┌─ Information provided

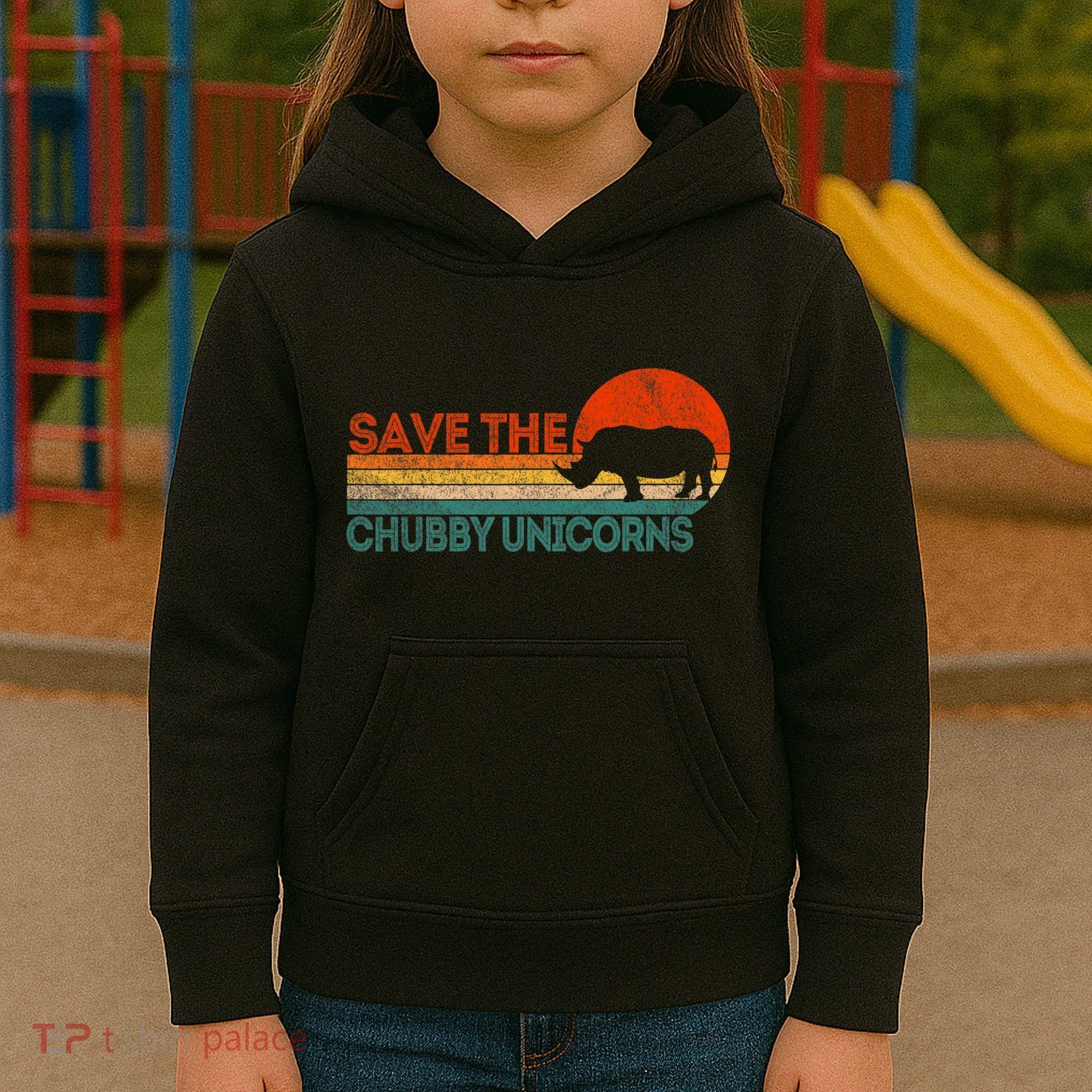Save The Chubby Unicorns Funny Rhino Chubby Unicorn Kids Hoodie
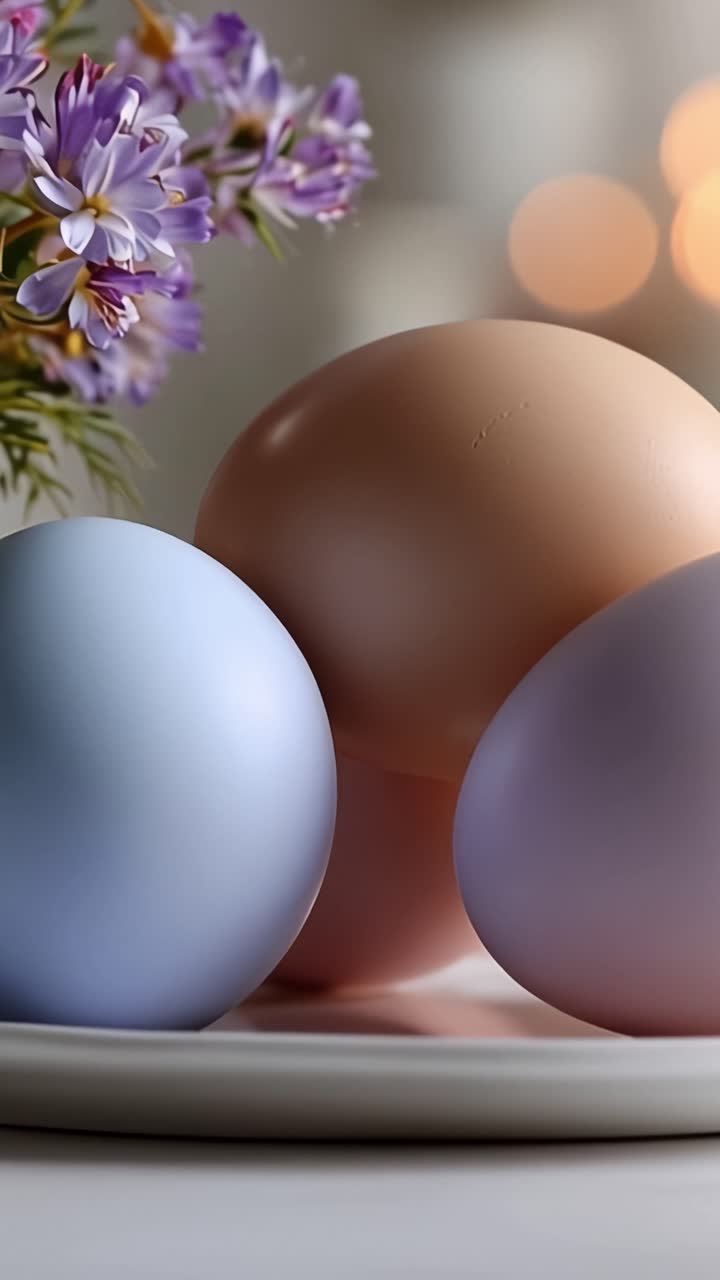 Delicate Display of Pastel Eggs Nestled Next to Vibrant Flowers on a Rounded Plate, Capturing the Essence of Spring and Celebration in Soft Colors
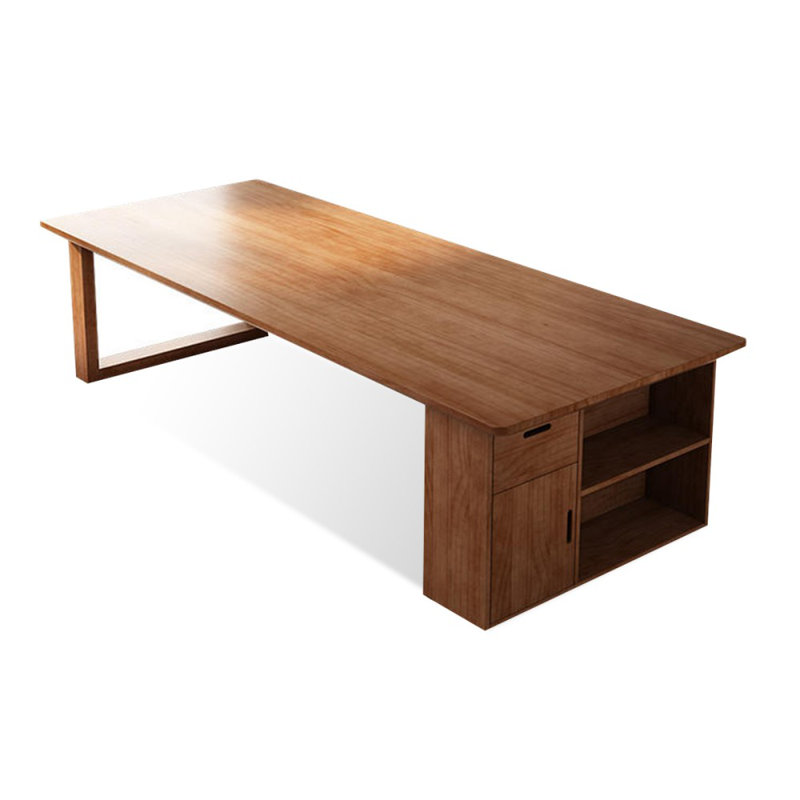 Bureaux rectangulaires en bois massif noyer, H 29,53 po x l 86,61 po x P 35,43 po, Retour à droite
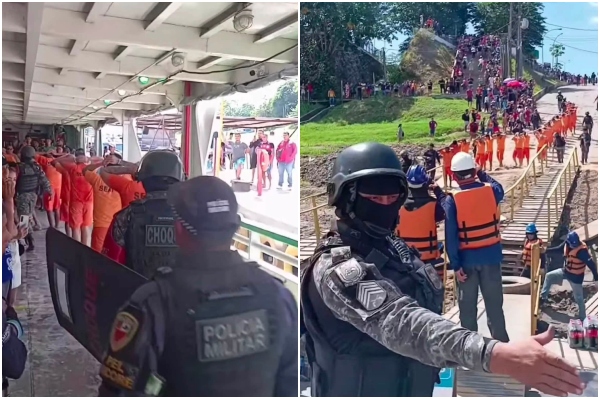 Vídeo: detentos de Manicoré são transferidos para Manaus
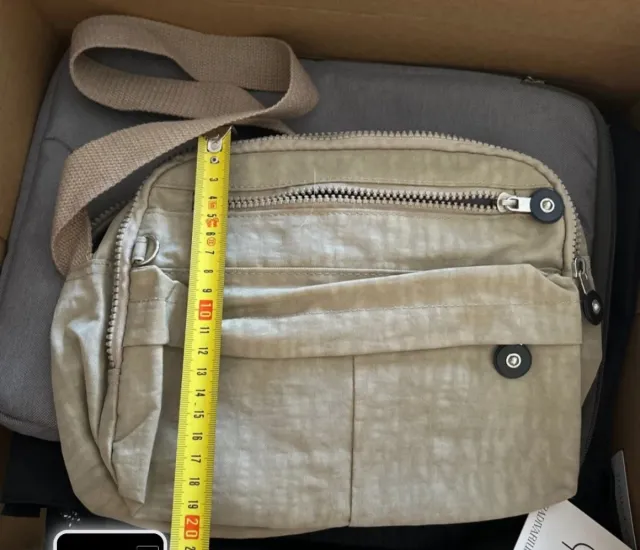 Bolso de hombro nylon beige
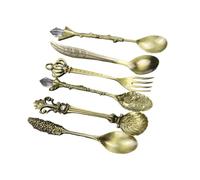 Lot de 6 cuillères à café élégantes vintage en alliage de zinc pour la maison, les thés, les fêtes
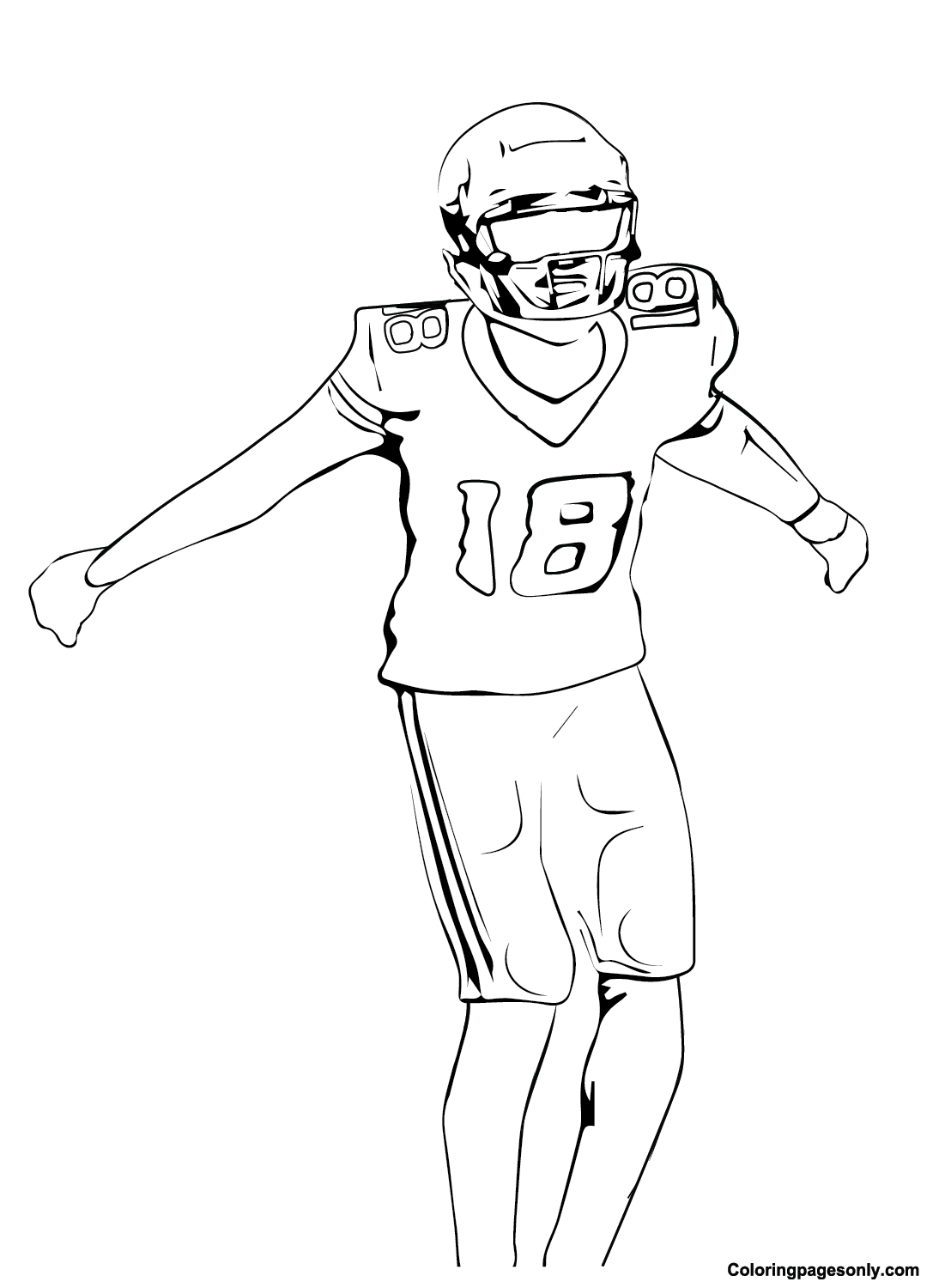 Justin jefferson coloring pages printable for free download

└─

Task to carry out
Leave every picture out, and transcribe the data above exactly as it reads.

The completed task
Save The Chubby Unicorns Funny Rhino Chubby Unicorn Kids Hoodie
 Delicate Display of Pastel Eggs Nestled Next to Vibrant Flowers on a Rounded Plate, Capturing the Essence of Spring and Celebration in Soft Colors
 Bureaux rectangulaires en bois massif noyer, H 29,53 po x l 86,61 po x P 35,43 po, Retour à droite
 Vídeo: detentos de Manicoré são transferidos para Manaus
 Bolso de hombro nylon beige
 Lot de 6 cuillères à café élégantes vintage en alliage de zinc pour la maison, les thés, les fêtes
 Justin jefferson coloring pages printable for free download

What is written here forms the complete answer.